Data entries
__________
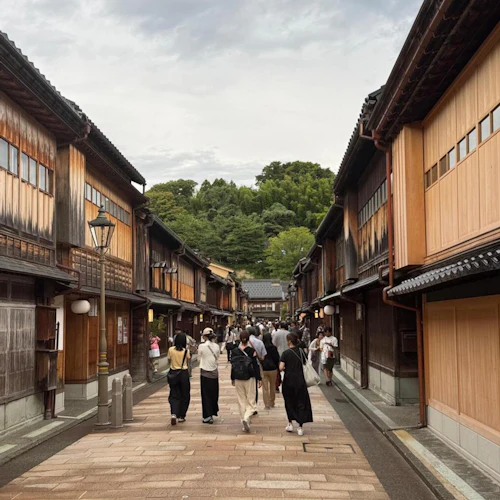 Shirakawa-go: Visita guiada + Visita opcional a Kanazawa e viagem de ida e volta de comboio de alta velocidade - Photo 4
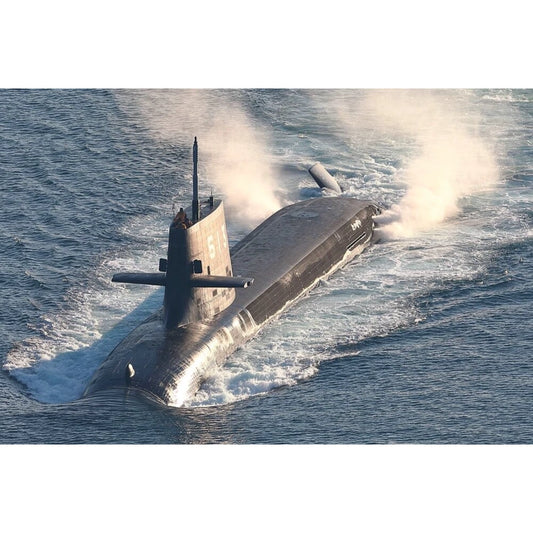 Japanese JS Taigei Submarine (SS-513 Series) 36 Inches Model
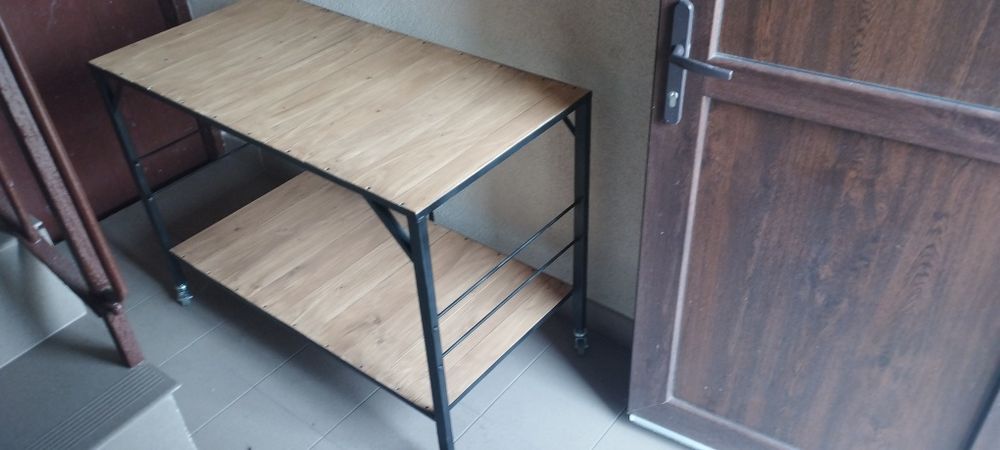 Stół warsztatowy, garażowy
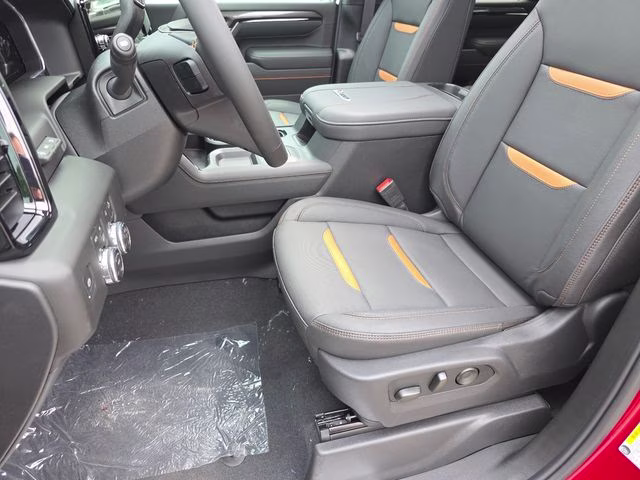 2026 Volcanic Red Tintcoat GMC Sierra 2500HD AT4 4X4 Truck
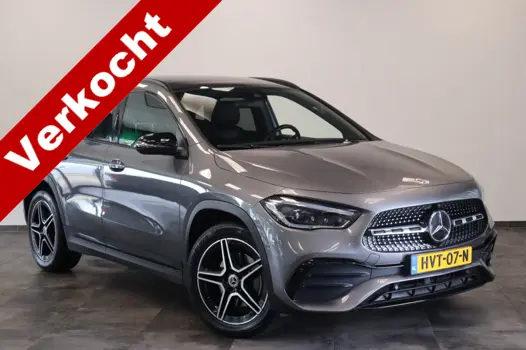 Mercedes-Benz GLA 250 e Business Solution AMG Limited Panoramadak LED CC Lane Assist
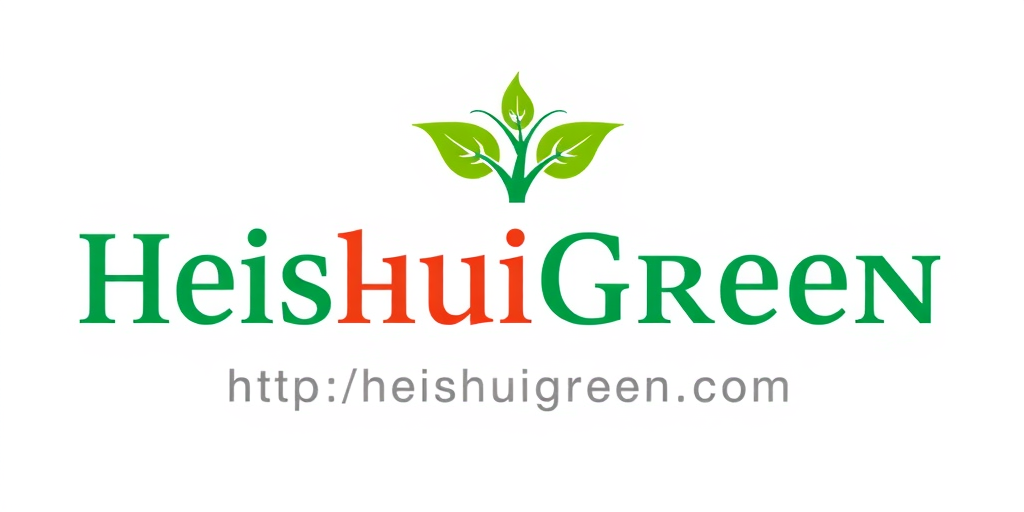Heishui Green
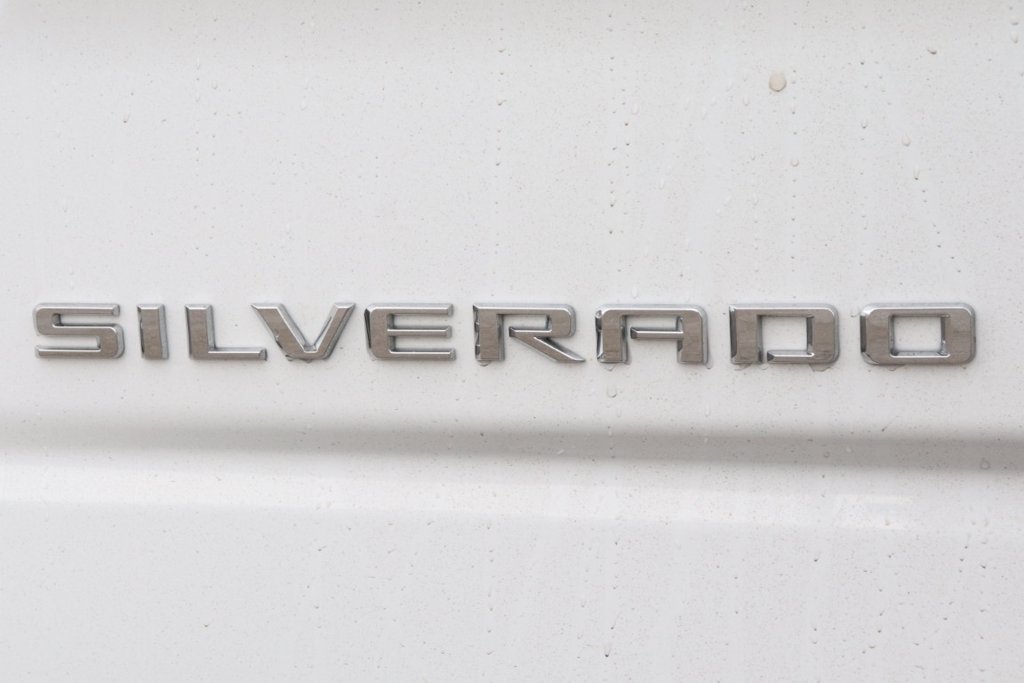 Used 2025 Chevrolet Silverado 1500 W/T RWD image 29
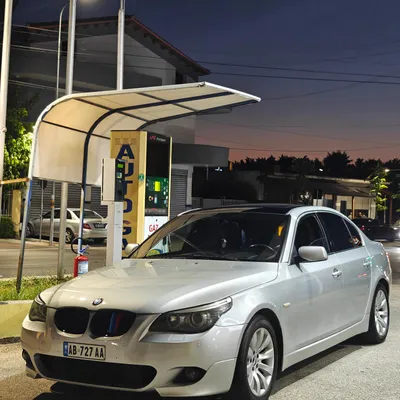 BMW 5 Series 2008 në shitje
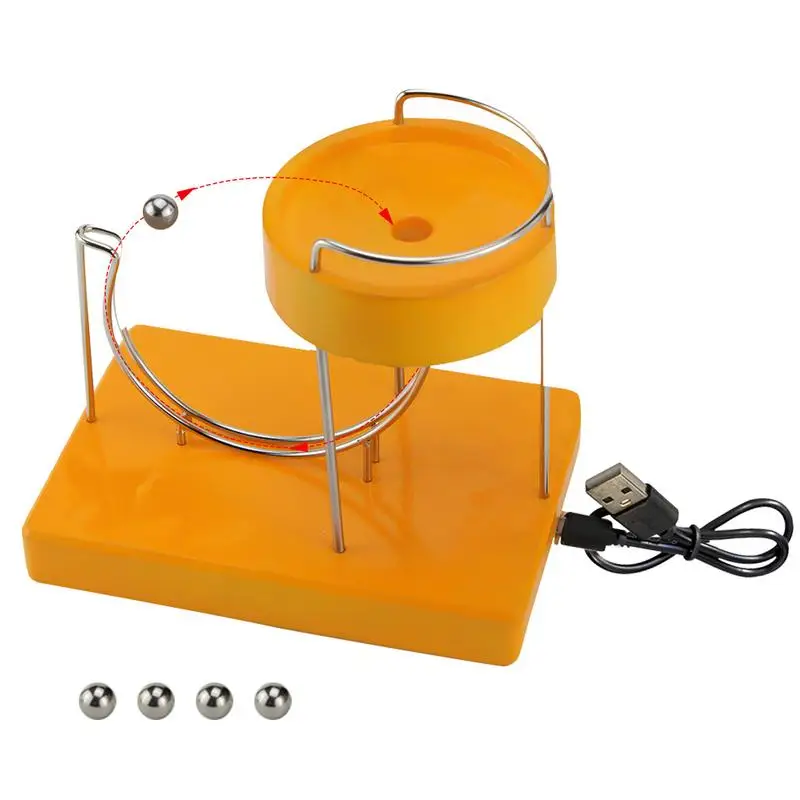 

Kinetic Art Perpetual Motion Machine Toy Science Physics Gadget Desktop Decoration Toys Perpetual Motion Device Perpetual Motion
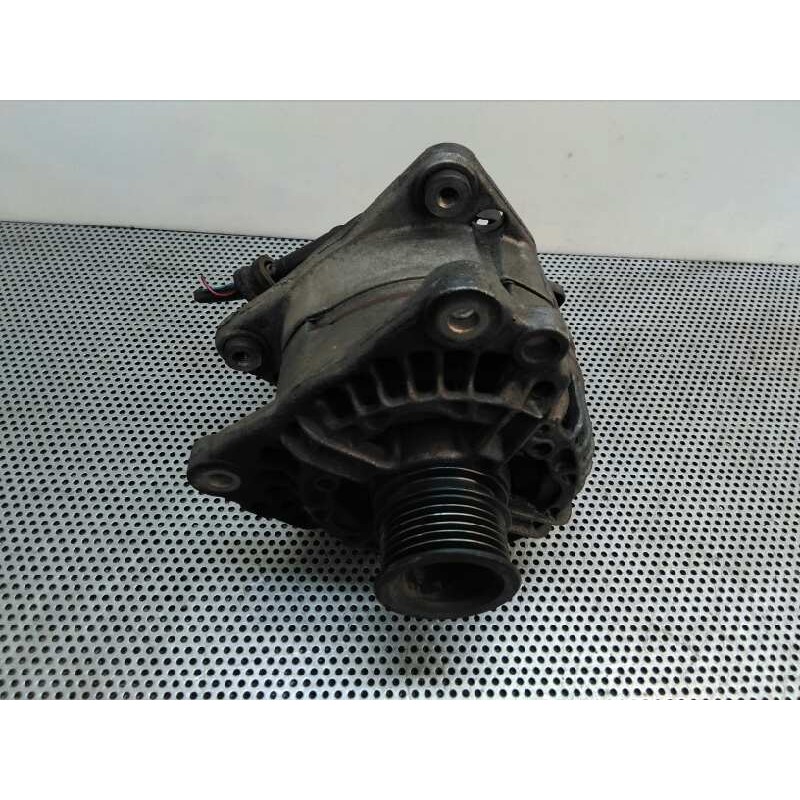 Recambio de alternador para seat ibiza (6k1) stella referencia OEM IAM 037903025M - Azul 5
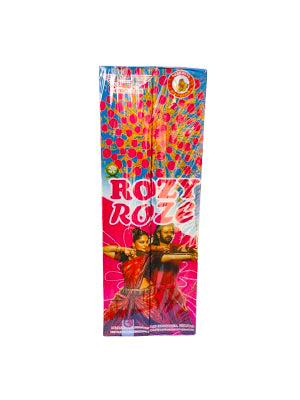 4" Fancy - Rozy Roze (1 Pce)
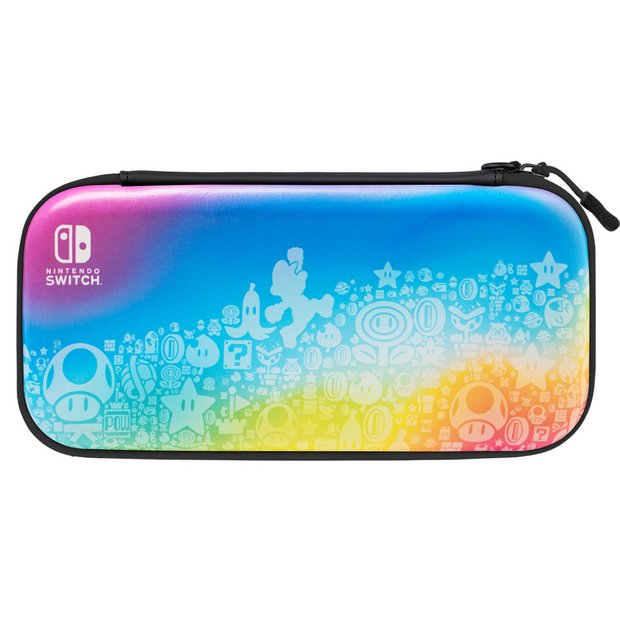 Buy Nintendo Switch Lite OLED Model Slim Deluxe Travel Case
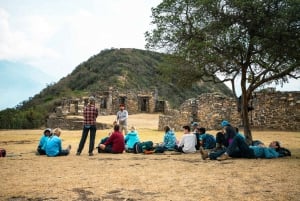 Choquequirao: 5 päivän vaellus Inkojen kadonneeseen kaupunkiin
__________
_About this exercise_
Keep the pictures out of the copy and write out the data exactly as it stands.

_Exercise response_
 Shirakawa-go: Visita guiada + Visita opcional a Kanazawa e viagem de ida e volta de comboio de alta velocidade - Photo 4
 Japanese JS Taigei Submarine (SS-513 Series) 36 Inches Model
 Stół warsztatowy, garażowy
 2026 Volcanic Red Tintcoat GMC Sierra 2500HD AT4 4X4 Truck
 Mercedes-Benz GLA 250 e Business Solution AMG Limited Panoramadak LED CC Lane Assist
Heishui Green
 Used 2025 Chevrolet Silverado 1500 W/T RWD image 29
 BMW 5 Series 2008 në shitje

Kinetic Art Perpetual Motion Machine Toy Science Physics Gadget Desktop Decoration Toys Perpetual Motion Device Perpetual Motion
 Recambio de alternador para seat ibiza (6k1) stella referencia OEM IAM 037903025M - Azul 5
 4" Fancy - Rozy Roze (1 Pce)
 Buy Nintendo Switch Lite OLED Model Slim Deluxe Travel Case
 Choquequirao: 5 päivän vaellus Inkojen kadonneeseen kaupunkiin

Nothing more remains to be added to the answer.